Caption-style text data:
- - -

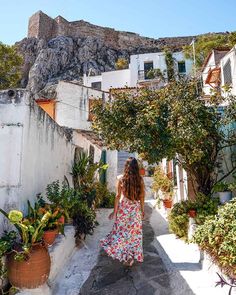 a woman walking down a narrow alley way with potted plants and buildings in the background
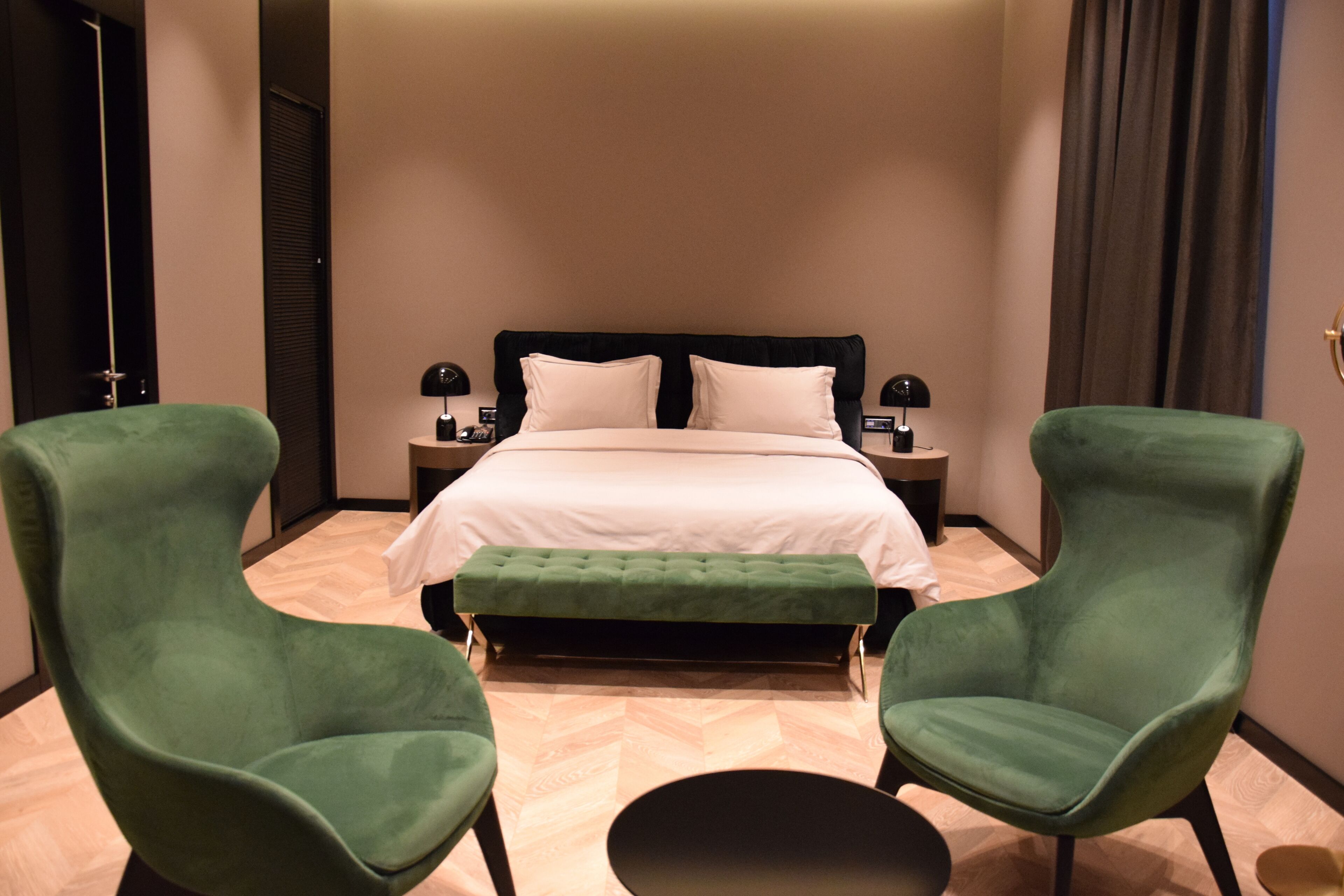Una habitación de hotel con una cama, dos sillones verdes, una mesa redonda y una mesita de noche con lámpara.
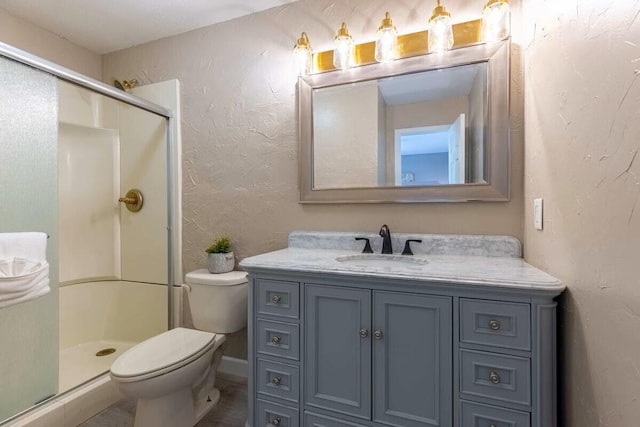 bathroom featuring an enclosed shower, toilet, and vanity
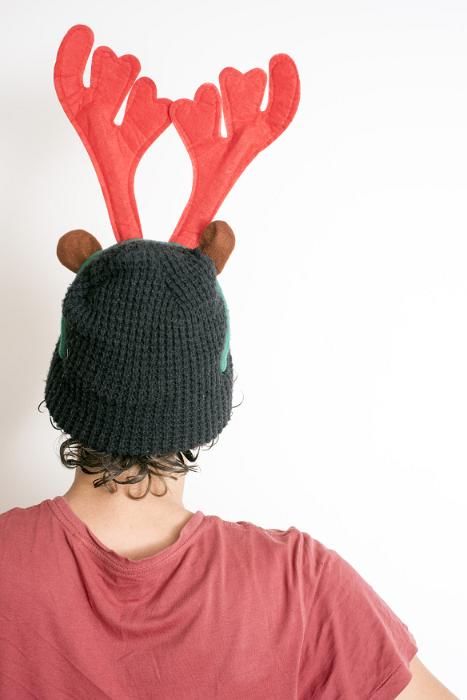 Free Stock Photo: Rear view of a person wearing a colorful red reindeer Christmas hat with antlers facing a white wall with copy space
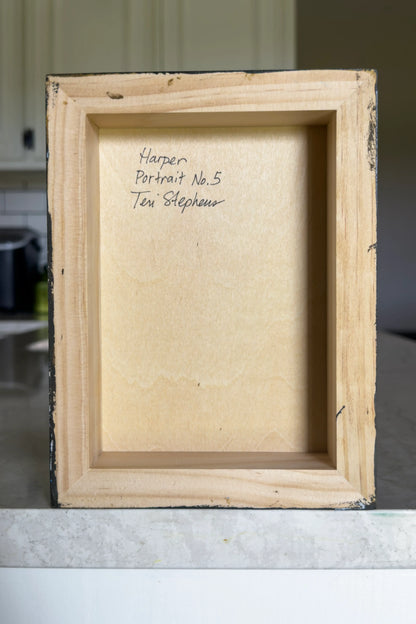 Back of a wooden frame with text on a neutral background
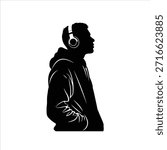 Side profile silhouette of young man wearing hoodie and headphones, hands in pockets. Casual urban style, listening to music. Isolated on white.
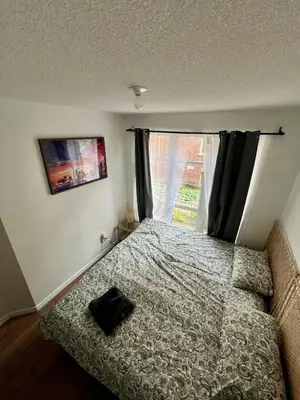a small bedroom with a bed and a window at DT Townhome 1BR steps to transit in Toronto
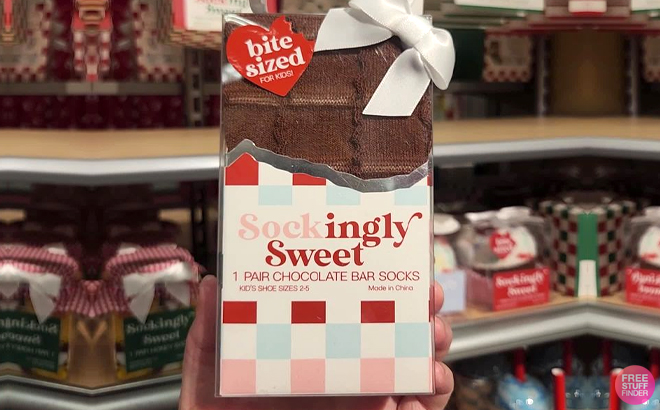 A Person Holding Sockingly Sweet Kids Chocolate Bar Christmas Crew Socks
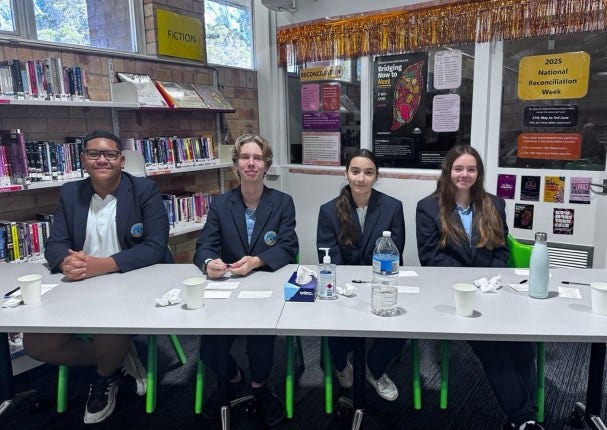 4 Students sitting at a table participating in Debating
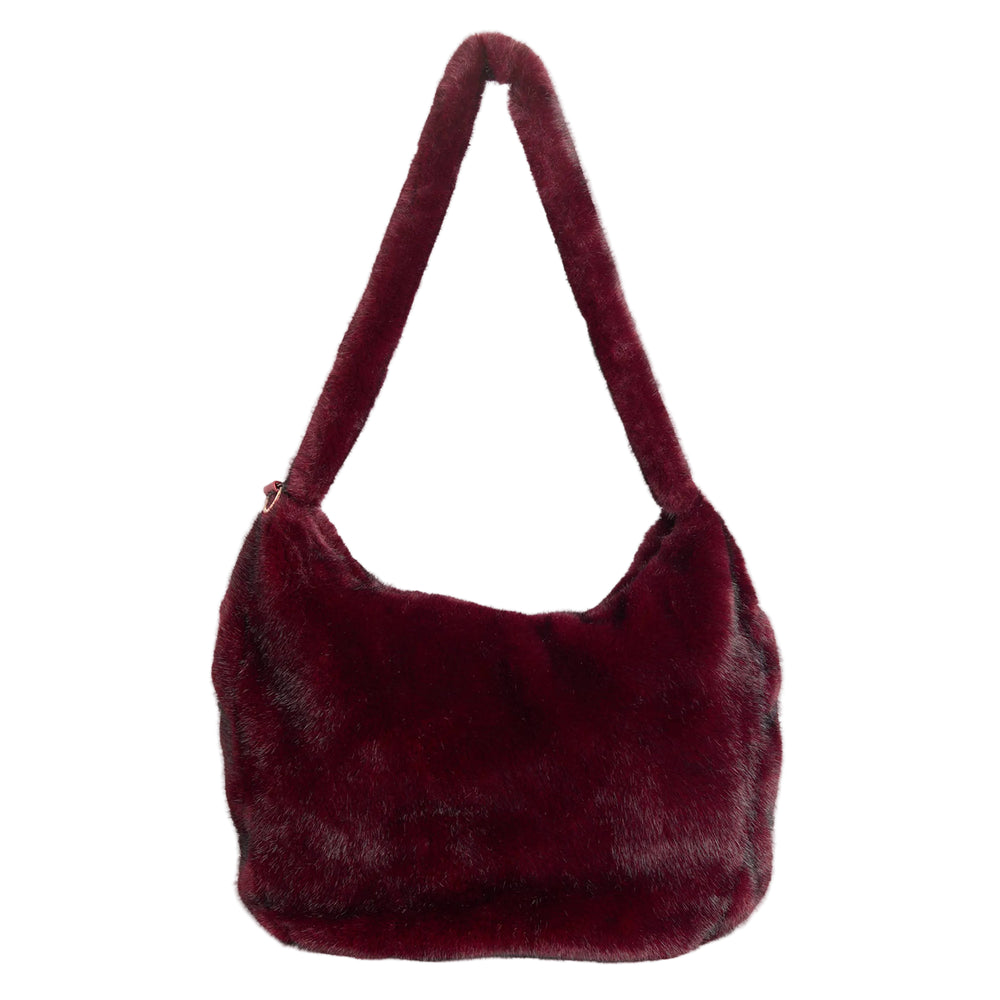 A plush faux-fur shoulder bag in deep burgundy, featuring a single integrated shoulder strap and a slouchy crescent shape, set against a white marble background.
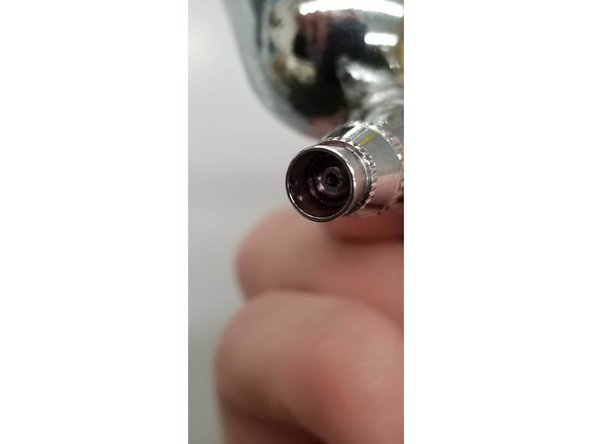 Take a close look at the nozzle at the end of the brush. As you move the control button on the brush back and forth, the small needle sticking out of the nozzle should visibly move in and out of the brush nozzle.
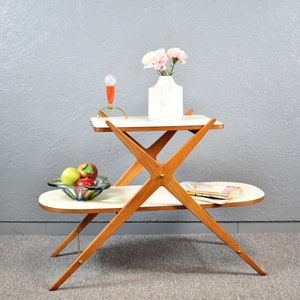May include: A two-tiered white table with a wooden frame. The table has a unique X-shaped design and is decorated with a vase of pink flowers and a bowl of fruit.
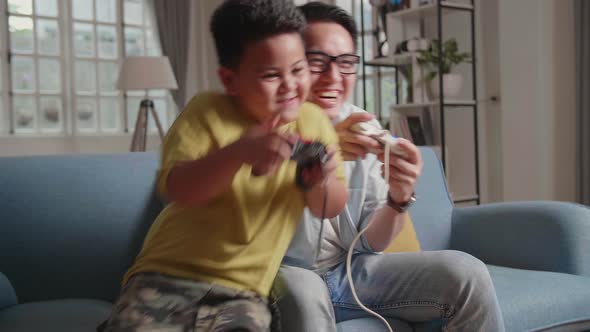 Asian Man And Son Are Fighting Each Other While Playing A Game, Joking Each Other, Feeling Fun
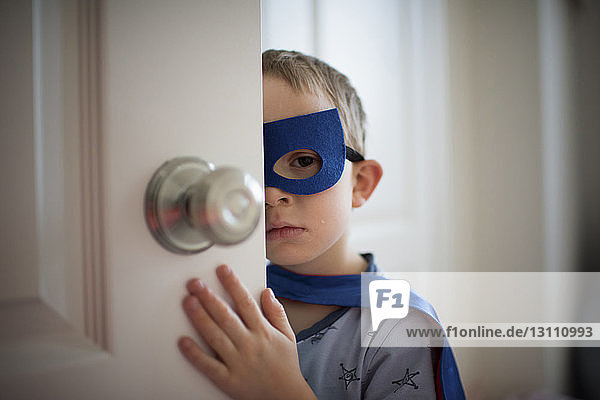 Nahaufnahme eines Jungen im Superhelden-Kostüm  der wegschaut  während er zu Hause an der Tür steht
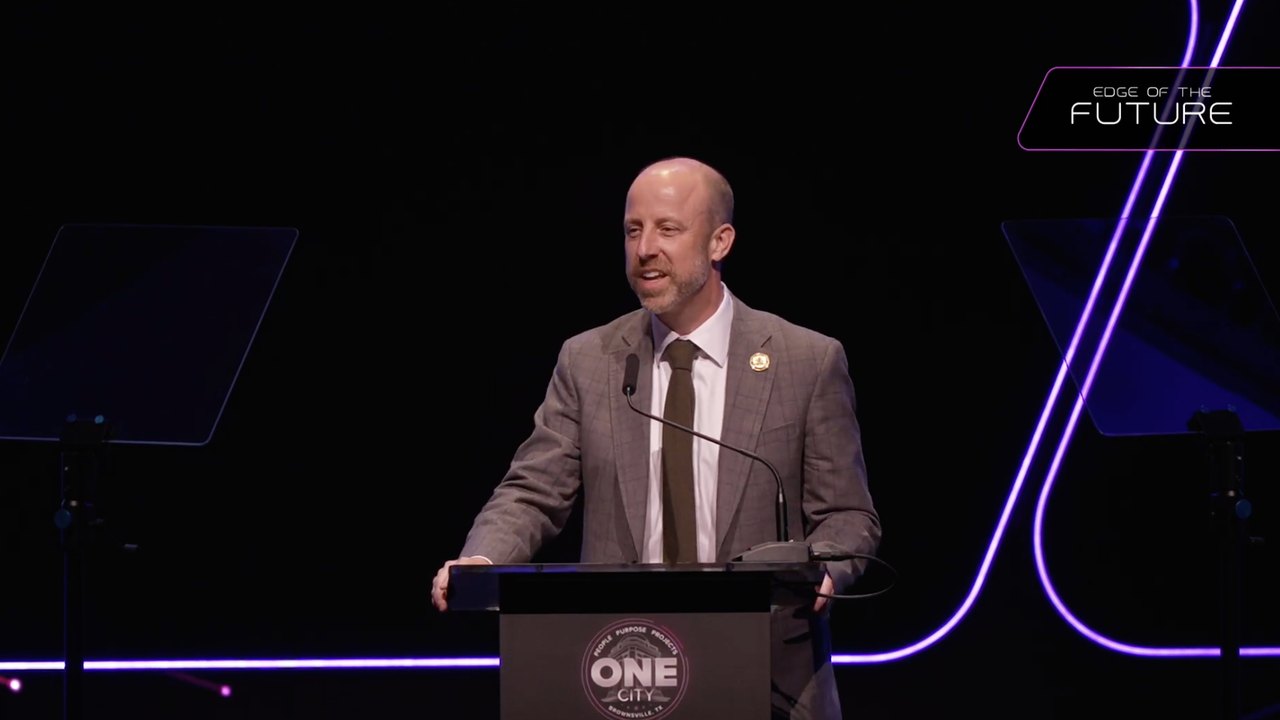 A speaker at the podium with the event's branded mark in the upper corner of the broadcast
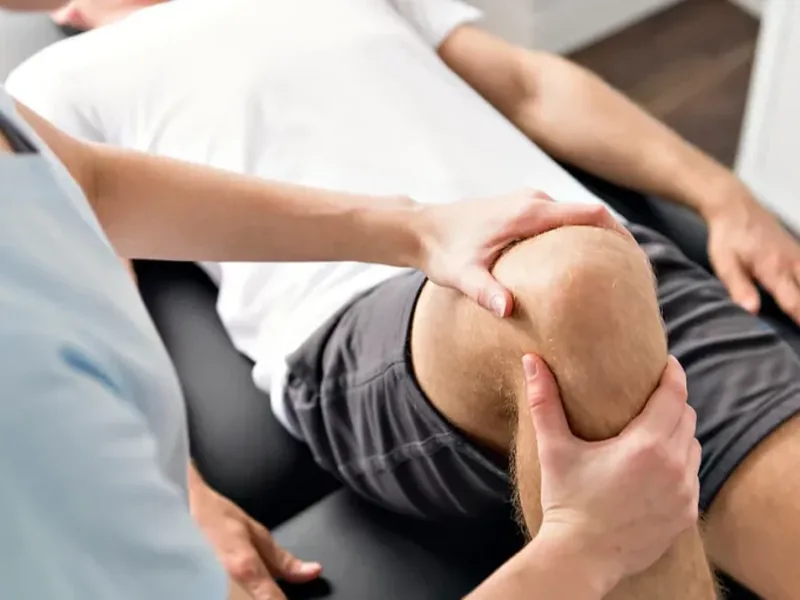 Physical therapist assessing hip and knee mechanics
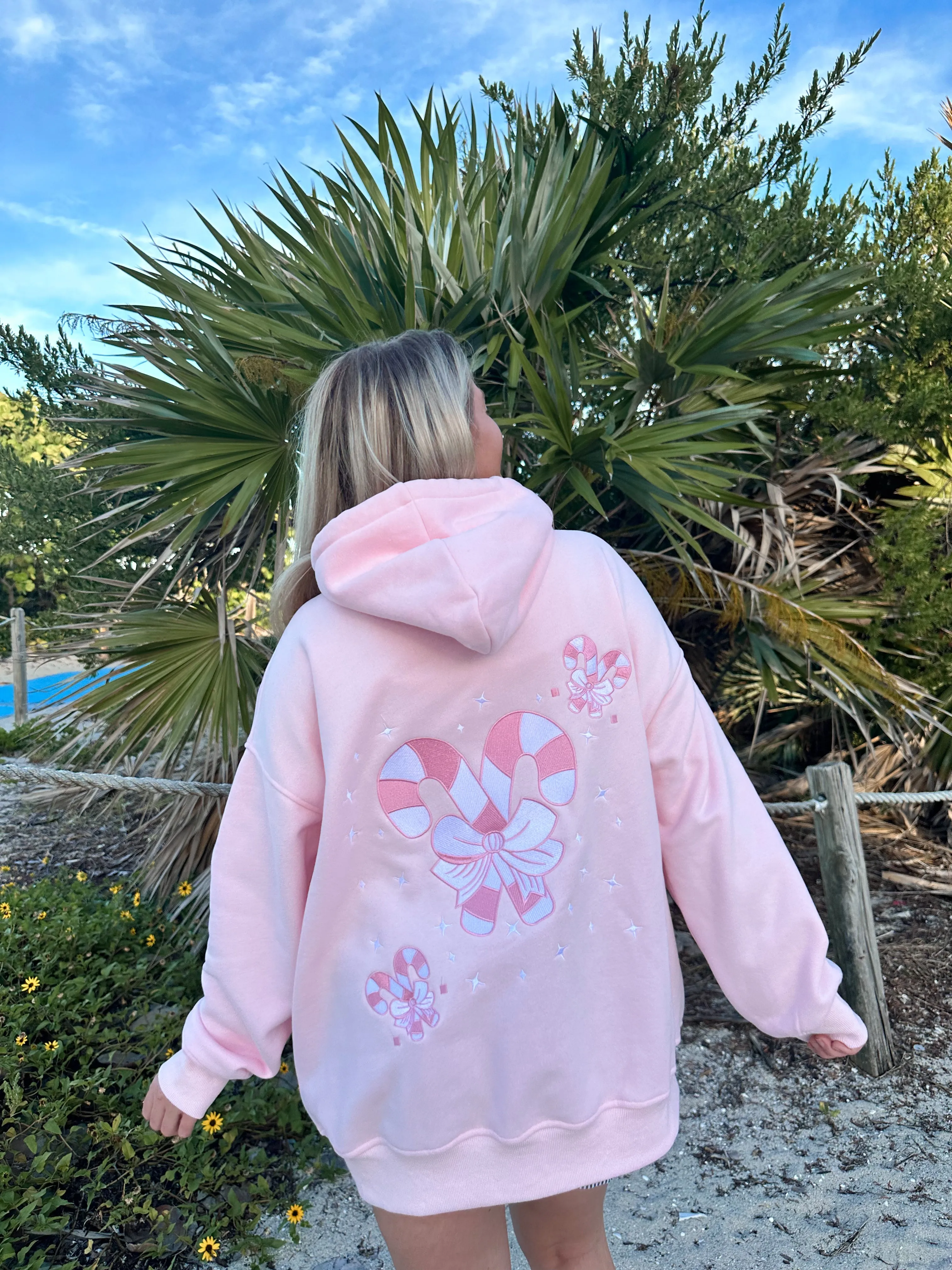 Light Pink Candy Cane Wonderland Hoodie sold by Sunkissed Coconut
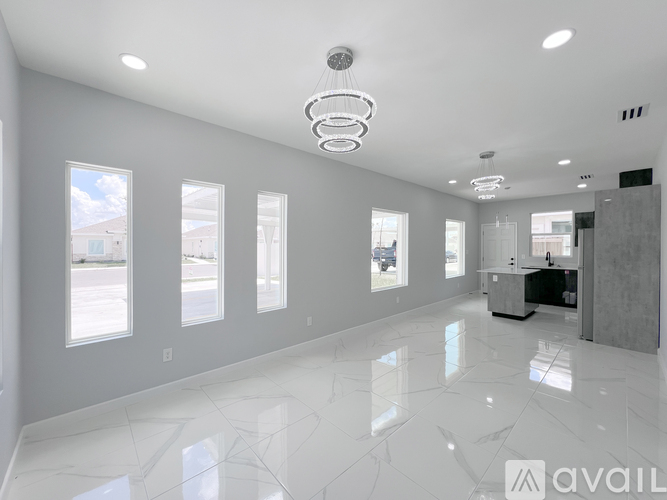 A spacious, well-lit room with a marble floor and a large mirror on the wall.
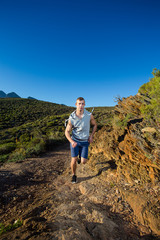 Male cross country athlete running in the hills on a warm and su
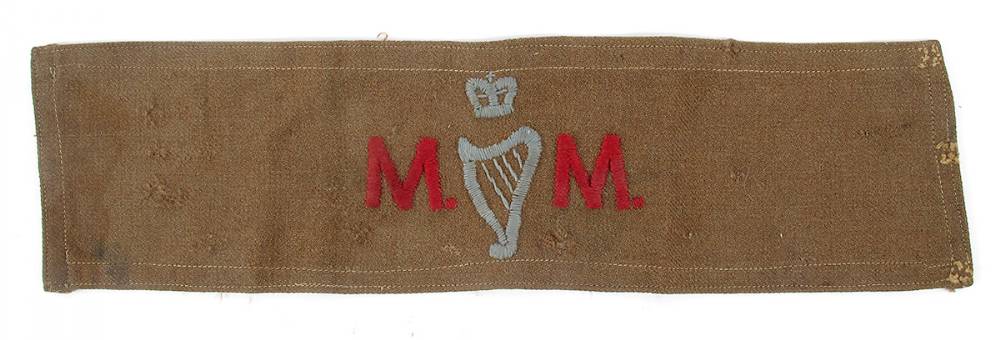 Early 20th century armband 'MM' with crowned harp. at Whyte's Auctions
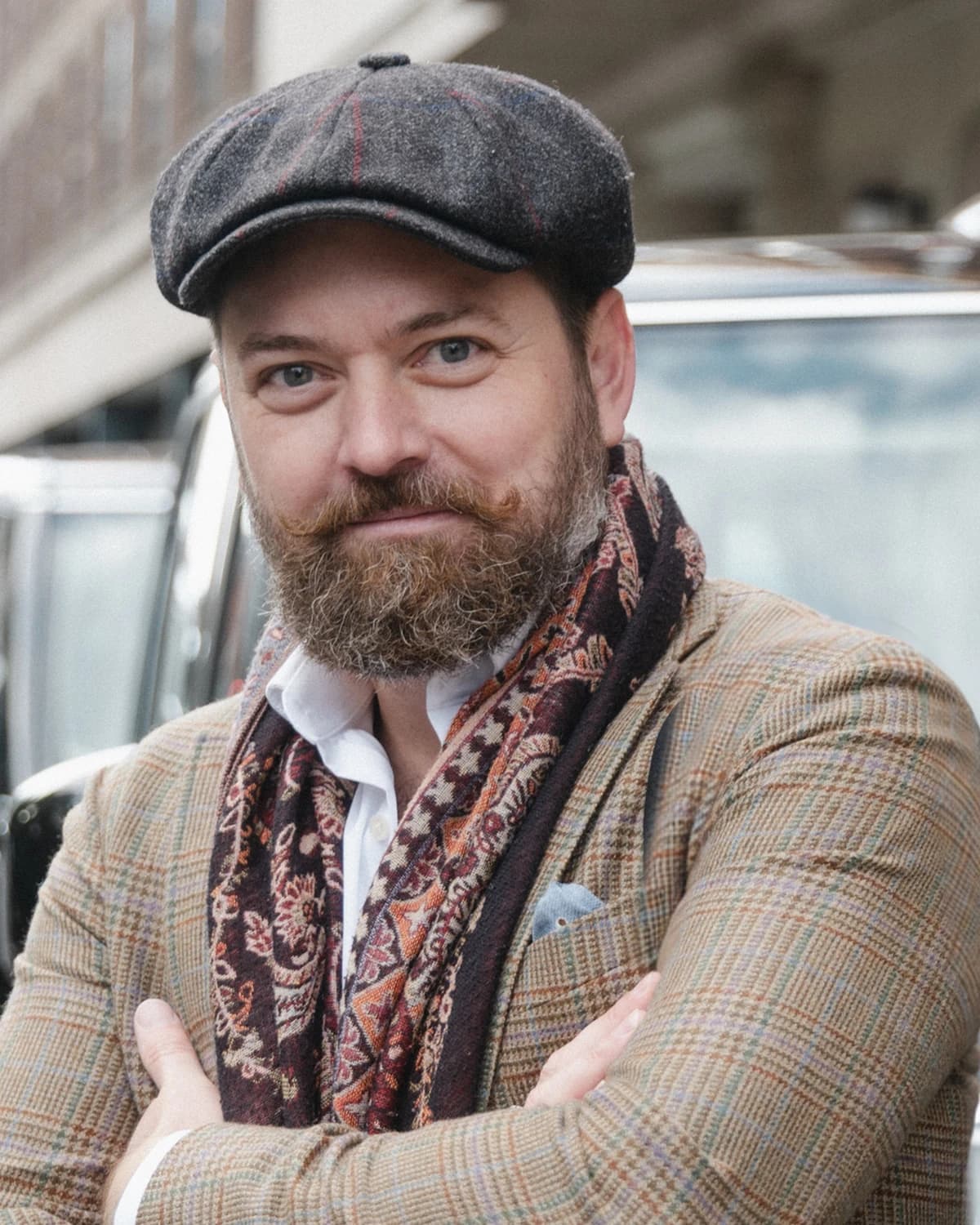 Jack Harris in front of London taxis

- - -

## WHAT NEEDS TO BE DONE
Transcribe, word for word, the line holding "a small bedroom" and all lines after it in the entries above, ending with the last. Only those lines; no pictures.

## ANSWER SECTION
a small bedroom with a bed and a window at DT Townhome 1BR steps to transit in Toronto
 A Person Holding Sockingly Sweet Kids Chocolate Bar Christmas Crew Socks
 4 Students sitting at a table participating in Debating
 A plush faux-fur shoulder bag in deep burgundy, featuring a single integrated shoulder strap and a slouchy crescent shape, set against a white marble background.
 Take a close look at the nozzle at the end of the brush. As you move the control button on the brush back and forth, the small needle sticking out of the nozzle should visibly move in and out of the brush nozzle.
May include: A two-tiered white table with a wooden frame. The table has a unique X-shaped design and is decorated with a vase of pink flowers and a bowl of fruit.
 Asian Man And Son Are Fighting Each Other While Playing A Game, Joking Each Other, Feeling Fun
 Nahaufnahme eines Jungen im Superhelden-Kostüm  der wegschaut  während er zu Hause an der Tür steht
 A speaker at the podium with the event's branded mark in the upper corner of the broadcast
 Physical therapist assessing hip and knee mechanics
 Light Pink Candy Cane Wonderland Hoodie sold by Sunkissed Coconut
 A spacious, well-lit room with a marble floor and a large mirror on the wall.
 Male cross country athlete running in the hills on a warm and su
 Early 20th century armband 'MM' with crowned harp. at Whyte's Auctions
 Jack Harris in front of London taxis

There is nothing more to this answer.